The father, who said his daughter could identify her attackers using photographs of the school’s students, said he and his wife hope to see the students expelled from school. But they no longer have hopes of returning their daughter to Livingston Elementary – with or without those students there.
They plan to move away from Cody.
From there, they’re not sure how to proceed.
The girl’s mother would like to start homeschooling her. The father would like her to find a new school in a new town and make some memories there that might crowd out the past two months.
When the father took his little girl on a tour of an elementary school in another town, she had a meltdown, he said.
“Please don’t, please,” the little girl said about the prospect of being put in the school.
For now, the family is packing to move. They aren’t participating in community Christmas events. They’re not planning on getting a Christmas tree.
“It’s pretty crappy,” said the father. “Remember being 5 years old and being in kindergarten? What a horrible thing to go through.”
Investigation Ongoing
Meanwhile, both the Cody Police Department and Park County School District No. 6 report that they are investigating the incidents.
The Cody Police Department did not return a Cowboy State Daily voicemail by publication time, but Park County Attorney Bryan Skoric said in a Wednesday email that the department is conducting “an extensive investigation.”
“Once that investigation is completed, my office will make a determination on whether any criminal activity occurred. Until that time, these are only allegations,” Skoric wrote.
Park County School District No. 6 Superintendent Vernon Orndorff told Cowboy State Daily he could not comment on the pending investigation, but he sent a statement the district dispatched Nov. 21.
The district is “taking swift and comprehensive action in response to an ongoing investigation into allegations of physical and sexual abuse involving students at Livingston Elementary School,” reads the statement.
It adds that the district has launched an internal investigation, is involving law enforcement and the Department of Family Services, and is consulting with its attorney. An external Title IX investigator also is on the case, says the statement.

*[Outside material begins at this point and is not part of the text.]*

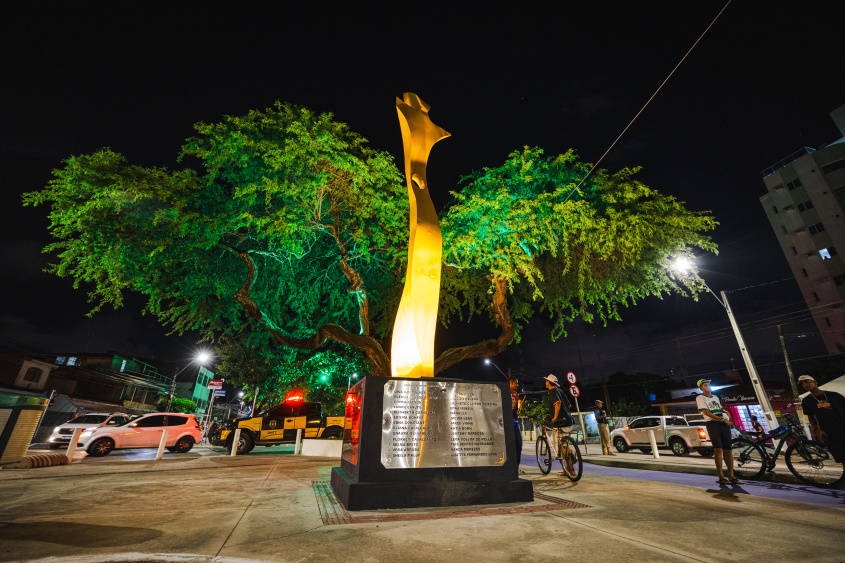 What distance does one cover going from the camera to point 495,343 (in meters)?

“We understand the gravity of these allegations and the need for discretion, especially when minors are involved, therefore we are unable to provide further details at this time,” says the statement.
It says students in need of support can contact the school counselor, and concerned parents and local residents can contact Orndorff’s office.
The girl’s father questions the district’s claim that it is involving DFS, saying a DFS representative told the family she is no longer involved in the investigation.
Cowboy State Daily cannot confirm that independently: DFS representatives are not allowed under Wyoming law to discuss specific cases with reporters.
‘Get The Hell Out Of Here’
The girl’s parents took her to Casper on Nov. 2 for a child forensic interview at the Children’s Advocacy Project, according to the father’s timeline.
The Cody Police Department detective on the case called the family Nov. 3, saying he was “content” with the forensic interview, the timeline adds.
The father expressed frustration to Cowboy State Daily, saying he and his wife haven’t heard much from the detective throughout this case and haven’t heard directly from Orndorff at all.
He said the detective refused his offers to have the girl pick out her attackers from students’ individual hall pass photos.
“I just feel so betrayed,” he said. “I just feel like we need to get the hell out of here.”
Sometime during all the fallout, the little girl turned 6.